6 Simple Crunch Variations For Lean Abs

By Bill Dobbins August 6th, 2020 | Image Source: Muscle And Fitness

Get a total ab workout with these moves.

Go into almost any gym and you’ll see people doing exercises like sit-ups and leg raises. They believe these are the best exercise for abs. But they’re not — it’s crunch exercises.

Here’s an experiment. Stand up and hold onto something for balance. Put your other hand on your abs. Now, raise your knee up in front of you. Notice the ab muscles are not activated. They don’t attach to the legs.

The muscles that raise the legs are the iliopsoas or hip flexor muscles. They run from the lower back across the top of the pelvis and attach to the front of the thigh. The sit-up is just the mirror image of the leg raise.

The legs stay in place and it’s the torso that lifts up, also making use of the hip flexor muscles. The role of the abs in these exercises is simply to act as stabilizers. They do not contract over a range of motion, which is what is needed in a primary ab exercise.

Let’s look at the abs and what they do. The abdominals attach between the pelvis and the rib cage, and their function, in addition to being stabilizers, is to pull these two body parts together in a “crunching” movement – where the torso rolls or curls forward as if into a ball.
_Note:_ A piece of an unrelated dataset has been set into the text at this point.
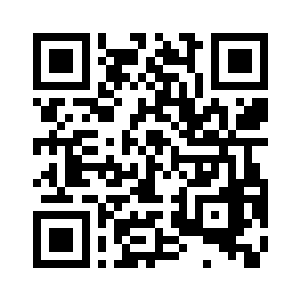 海量的资源再次被投入下去二维码生成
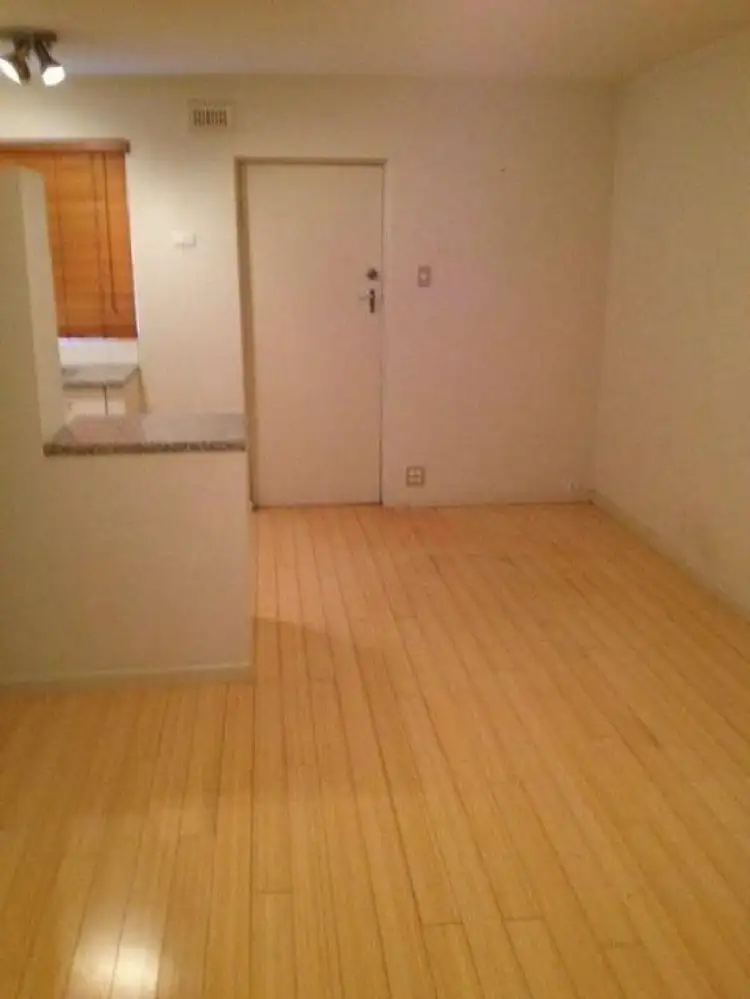 Sixth view of Homely unit listing, 2/161 Cambridge Street, West Leederville WA 6007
The major abdominal muscles are as follows:

The abdominal muscles sit on the front and sides of the lower half of the torso, originating along the rib cage and attaching along the pelvis.
The Rectus Abdominis muscle is commonly known as the “six-pack” muscle of the abs. Thin bands of connective tissue give it that appearance.
The Transverse Abdominis (also known as the Transversus) is the deepest muscle of the core (meaning it’s underneath all the other muscles). It wraps laterally around the abdominal area.
The fibers of External and Internal Obliques run diagonally on the body, allowing for angled movement.

Although you can feel more or less stress in different areas of the abs doing different movements, there are no different exercises for upper and lower abs. The principle of non-contiguous innervation tells us that motor neurons do not stimulate specific muscle fibers in limited locations or groups but innervate muscles over widespread areas. So the upper and lower abs pretty much work as a single until. The basic variation in the effect of an ab exercise comes from whether you contract your abs though a full range of motion, or only a partial range and how much resistance you subject these muscles to.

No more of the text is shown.